What it means: The app is restart-looping. Nginx is innocent; it can’t talk to something that can’t stay up.

Decision: Pull app logs and look for crash cause (config error, missing secret, OOM, migrations, dependency refusal).

Task 7: Look for OOM kills (classic 502 generator)

cr0x@server:~$ docker inspect app --format '{{json .State}}'
{"Status":"restarting","Running":false,"Paused":false,"Restarting":true,"OOMKilled":true,"Dead":false,"Pid":0,"ExitCode":137,"Error":"","StartedAt":"2026-01-03T10:11:42.020785322Z","FinishedAt":"2026-01-03T10:11:52.901123812Z","Health":null}

What it means: OOMKilled:true and exit code 137. The kernel killed the process. Nginx is just reporting the aftermath.
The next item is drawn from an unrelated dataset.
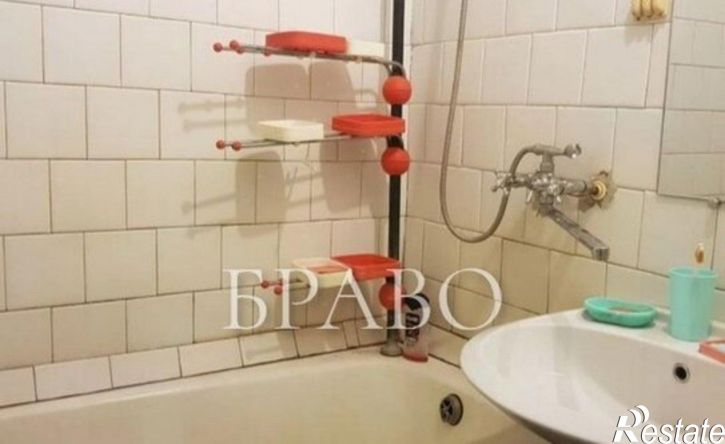 4-комн квартира улица 50 лет Октября, 18,  д. 18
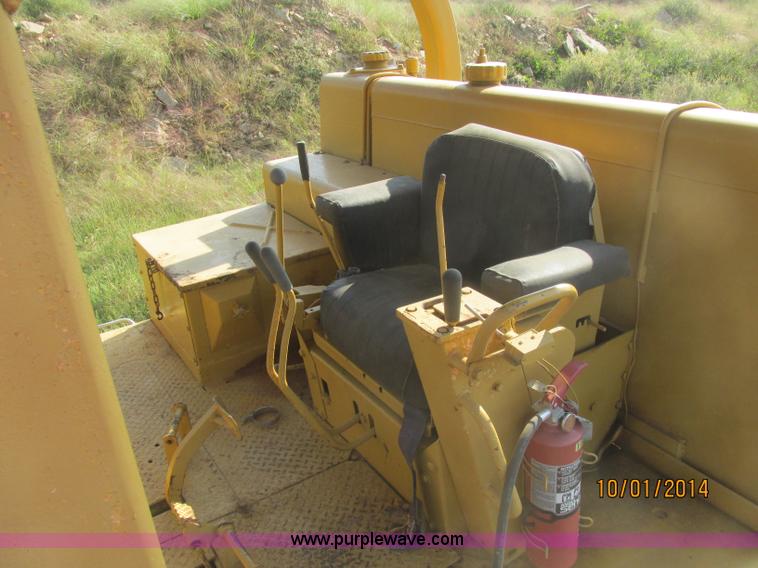image for item J2407 1975 Dresser TD-25C dozer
Decision: Add memory, lower workload, fix memory leak, or set sane limits and autoscaling. Also consider reducing Nginx buffering for huge responses only if you understand the tradeoffs.

Task 8: Correlate 502/504 spikes with container restarts in the Docker event stream

cr0x@server:~$ docker events --since 30m --filter container=app
2026-01-03T10:02:11.000000000Z container die 1f2a3b4c5d (exitCode=137, image=app:prod, name=app)
2026-01-03T10:02:12.000000000Z container start 1f2a3b4c5d (image=app:prod, name=app)
2026-01-03T10:11:52.000000000Z container die 1f2a3b4c5d (exitCode=137, image=app:prod, name=app)
2026-01-03T10:11:53.000000000Z container start 1f2a3b4c5d (image=app:prod, name=app)

What it means: The app died twice in 30 minutes. If your 502s align with these timestamps, you’ve got causality, not vibes.

Decision: Focus on why the app dies. Don’t tune Nginx timeouts; that’s not the problem.

Task 9: If it’s 504, log timings and verify where time is spent

cr0x@server:~$ docker exec -it nginx awk 'NR==1{print; exit}' /var/log/nginx/access.log
10.0.2.15 - - [03/Jan/2026:10:14:09 +0000] "GET /api/report HTTP/1.1" 504 564 "-" "curl/8.5.0" rt=60.001 uct=0.001 uht=60.000 urt=60.000 ua="172.19.0.5:8080" us="504"

What it means: uct (connect) is fast, but uht (time to headers) hit 60s, matching proxy_read_timeout. The upstream accepted the connection but didn’t produce headers in time.

Decision: This is upstream slowness or deadlock, not networking. Check app latency, dependency calls, worker exhaustion, and DB.

Task 10: Confirm Nginx timeout configuration that actually triggered the 504

cr0x@server:~$ docker exec -it nginx nginx -T 2>/dev/null | grep -R --line-number -E 'proxy_(connect|read|send)_timeout|send_timeout' -
69:            proxy_connect_timeout 5s;
70:            proxy_read_timeout 60s;
71:            proxy_send_timeout 60s;

What it means: Nginx will give upstream 60s to respond (headers count). That’s your contract today.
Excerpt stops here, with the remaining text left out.